ModelGame [39] is defined as a model that makes use of gamification to improve software modeling education, with a specific focus on the quality of the produced models. ModelGame defines challenges in the form of missions and scenarios that the student must overcome using software modeling, and uses points, progress indicators, and feedback as its gamified mechanics to improve the modeling process; furthermore, it defines 10 different quality metrics to assess the models such as scope quality (contextualization between the model and the challenge), syntactic quality (how much the model respects the modeling language’s conventions), and semantic quality (how much the model matches with the domain of the challenge). A qualitative evaluation of ModelGame has been performed by having a survey among software modeling instructors, with 94.7% of the participants agreeing that using it in a classroom environment could be helpful by having gamification as a strategy for improving the quality of the models produced by students.

Marín [40] describes an example of a serious game used to teach students about the basics of BPMN modeling: students are tasked with completing BPMN models by selecting among a set of available diagram elements the ones that are most suitable to correctly model the process at hand. The game offers a set of challenges of increasing difficulty, starting from a basic level, then going up to the medium level once the basic is completed, and to the advanced one in a similar fashion if the medium level is completed. Semantic questions that gauge the student’s understanding of the available constructs are also present and contribute to the student’s final score once the exercise is completed; leaderboards and achievements offer tangible rewards for the effort performed by students in the different exercises. After an evaluation performed by students of a software engineering course, the game was defined as easy to use, fun, and helpful for learning how to model BPMN diagrams; additionally, the presence of achievements and leaderboards was considered encouraging.

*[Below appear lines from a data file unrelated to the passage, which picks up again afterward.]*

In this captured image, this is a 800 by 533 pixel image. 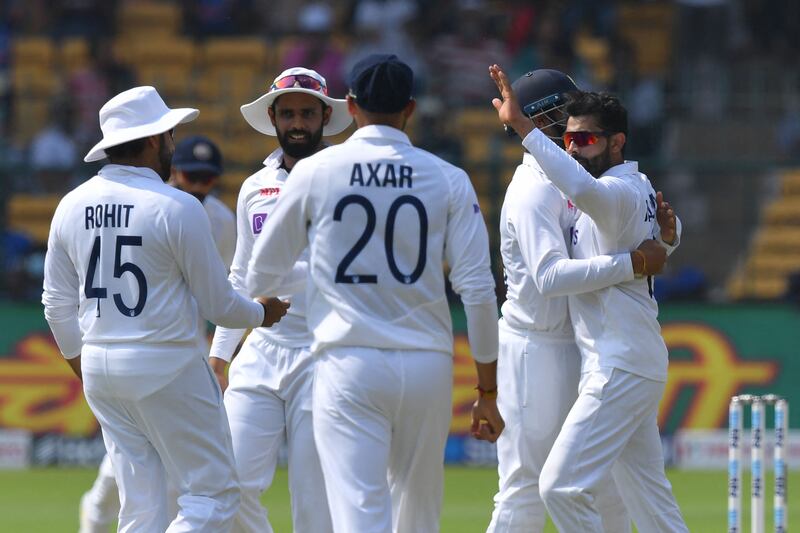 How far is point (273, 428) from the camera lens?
640 cm

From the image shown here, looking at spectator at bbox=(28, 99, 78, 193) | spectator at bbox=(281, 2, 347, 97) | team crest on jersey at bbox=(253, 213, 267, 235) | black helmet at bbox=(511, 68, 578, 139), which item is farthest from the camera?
spectator at bbox=(281, 2, 347, 97)

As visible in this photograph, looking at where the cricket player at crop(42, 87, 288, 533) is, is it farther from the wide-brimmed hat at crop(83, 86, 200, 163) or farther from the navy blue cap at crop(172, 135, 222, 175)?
the navy blue cap at crop(172, 135, 222, 175)

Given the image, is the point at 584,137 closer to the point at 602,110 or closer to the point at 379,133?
the point at 602,110

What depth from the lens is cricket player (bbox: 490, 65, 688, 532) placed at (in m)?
5.97

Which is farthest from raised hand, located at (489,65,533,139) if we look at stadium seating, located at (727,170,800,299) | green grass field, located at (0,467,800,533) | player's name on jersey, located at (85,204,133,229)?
stadium seating, located at (727,170,800,299)

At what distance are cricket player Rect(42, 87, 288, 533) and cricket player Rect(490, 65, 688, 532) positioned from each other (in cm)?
126

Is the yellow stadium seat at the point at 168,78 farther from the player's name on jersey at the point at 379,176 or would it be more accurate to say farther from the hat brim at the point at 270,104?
the player's name on jersey at the point at 379,176

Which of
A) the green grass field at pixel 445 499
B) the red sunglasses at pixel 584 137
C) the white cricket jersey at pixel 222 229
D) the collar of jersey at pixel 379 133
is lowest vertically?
the green grass field at pixel 445 499

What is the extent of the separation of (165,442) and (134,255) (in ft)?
2.41

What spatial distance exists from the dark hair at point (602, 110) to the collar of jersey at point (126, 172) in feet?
5.71

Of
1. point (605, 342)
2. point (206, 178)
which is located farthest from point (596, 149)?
point (206, 178)

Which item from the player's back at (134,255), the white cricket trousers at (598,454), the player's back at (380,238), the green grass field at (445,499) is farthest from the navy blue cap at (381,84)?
the green grass field at (445,499)

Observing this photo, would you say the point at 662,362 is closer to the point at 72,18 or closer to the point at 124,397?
the point at 124,397

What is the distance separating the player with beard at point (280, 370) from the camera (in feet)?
20.5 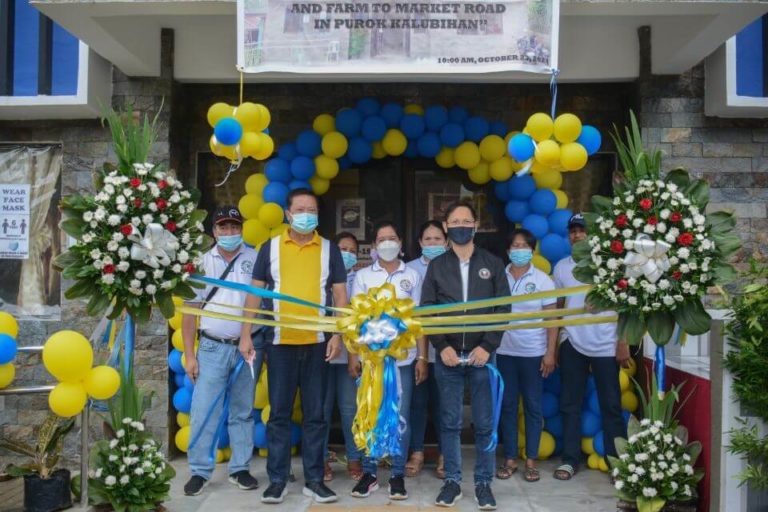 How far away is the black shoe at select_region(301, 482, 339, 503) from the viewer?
15.9 feet

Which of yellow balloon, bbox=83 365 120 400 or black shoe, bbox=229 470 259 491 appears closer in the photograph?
yellow balloon, bbox=83 365 120 400

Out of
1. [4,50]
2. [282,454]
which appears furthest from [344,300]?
[4,50]

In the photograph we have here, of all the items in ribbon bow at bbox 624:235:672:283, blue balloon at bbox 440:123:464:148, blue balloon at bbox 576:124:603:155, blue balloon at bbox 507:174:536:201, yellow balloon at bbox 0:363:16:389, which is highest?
blue balloon at bbox 440:123:464:148

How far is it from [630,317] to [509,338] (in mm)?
1415

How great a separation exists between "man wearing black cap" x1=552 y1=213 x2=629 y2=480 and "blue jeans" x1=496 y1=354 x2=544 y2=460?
0.24 meters

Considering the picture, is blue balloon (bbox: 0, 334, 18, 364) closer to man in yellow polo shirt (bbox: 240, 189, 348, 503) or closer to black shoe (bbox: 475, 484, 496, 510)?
man in yellow polo shirt (bbox: 240, 189, 348, 503)

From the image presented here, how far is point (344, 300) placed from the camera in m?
4.92

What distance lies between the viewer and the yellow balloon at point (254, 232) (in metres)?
5.73

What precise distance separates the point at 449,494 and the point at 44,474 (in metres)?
2.43

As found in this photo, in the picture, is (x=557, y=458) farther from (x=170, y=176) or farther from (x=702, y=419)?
(x=170, y=176)

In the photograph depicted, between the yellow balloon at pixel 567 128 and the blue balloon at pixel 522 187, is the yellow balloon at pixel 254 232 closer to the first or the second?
the blue balloon at pixel 522 187

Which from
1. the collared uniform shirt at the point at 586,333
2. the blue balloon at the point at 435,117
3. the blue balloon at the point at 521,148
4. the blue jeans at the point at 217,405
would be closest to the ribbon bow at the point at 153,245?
the blue jeans at the point at 217,405

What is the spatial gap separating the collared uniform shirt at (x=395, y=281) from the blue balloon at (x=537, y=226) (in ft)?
3.71

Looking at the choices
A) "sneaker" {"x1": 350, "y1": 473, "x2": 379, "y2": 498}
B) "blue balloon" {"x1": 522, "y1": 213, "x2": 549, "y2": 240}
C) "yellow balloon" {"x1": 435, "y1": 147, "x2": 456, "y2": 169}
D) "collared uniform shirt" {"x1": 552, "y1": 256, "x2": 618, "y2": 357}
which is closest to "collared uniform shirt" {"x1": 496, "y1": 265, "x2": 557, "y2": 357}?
"collared uniform shirt" {"x1": 552, "y1": 256, "x2": 618, "y2": 357} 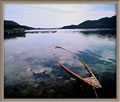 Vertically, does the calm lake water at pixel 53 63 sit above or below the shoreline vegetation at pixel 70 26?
below

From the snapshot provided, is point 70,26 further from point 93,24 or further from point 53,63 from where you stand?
point 53,63

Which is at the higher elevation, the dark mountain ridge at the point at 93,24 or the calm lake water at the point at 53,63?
the dark mountain ridge at the point at 93,24

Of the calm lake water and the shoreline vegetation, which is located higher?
the shoreline vegetation

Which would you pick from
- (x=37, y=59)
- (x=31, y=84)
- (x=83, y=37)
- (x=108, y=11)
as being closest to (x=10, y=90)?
(x=31, y=84)

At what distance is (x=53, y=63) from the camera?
1.62 meters

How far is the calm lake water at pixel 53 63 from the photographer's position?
1.51 metres

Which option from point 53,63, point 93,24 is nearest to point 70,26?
point 93,24

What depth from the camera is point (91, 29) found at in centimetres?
176

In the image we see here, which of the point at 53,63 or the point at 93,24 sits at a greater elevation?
the point at 93,24

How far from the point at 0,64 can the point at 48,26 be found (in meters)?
0.87

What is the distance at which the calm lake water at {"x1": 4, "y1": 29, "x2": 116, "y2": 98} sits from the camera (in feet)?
4.95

Lastly, BPMS-Game, by Mancebo et al. [41], is another tool that is worth mentioning: while it focuses more on the sustainability aspect of business process modeling rather than actual teaching, it still counts as an example of a tool that applies gamification to BPMN, using common staples of gamified tools such as badges, leaderboards, and achievements. BPMS-Game awards users that model business processes according to sustainability rules defined by game administrators with new awards and badges; unfortunately, however, it does not focus on correct syntax rules or good modeling practices.

This analysis of the current state of the art on gamified or game-based approaches to teaching modeling languages has shown that there is no example yet of a gamified platform for teaching BPMN modeling practices to students: the currently available tools either do not support the standard, define a different approach or are intended for a different audience and purpose.

2.4 BPMN evaluation

Since our tool was designed for educational purposes, a mechanism to evaluate the correctness of BPMN diagrams was required. We discuss an example of metrics that can be used for such a purpose, following the three main evaluation criteria defined by Dumas et al. [42]: syntactic quality, semantic quality, and pragmatic quality.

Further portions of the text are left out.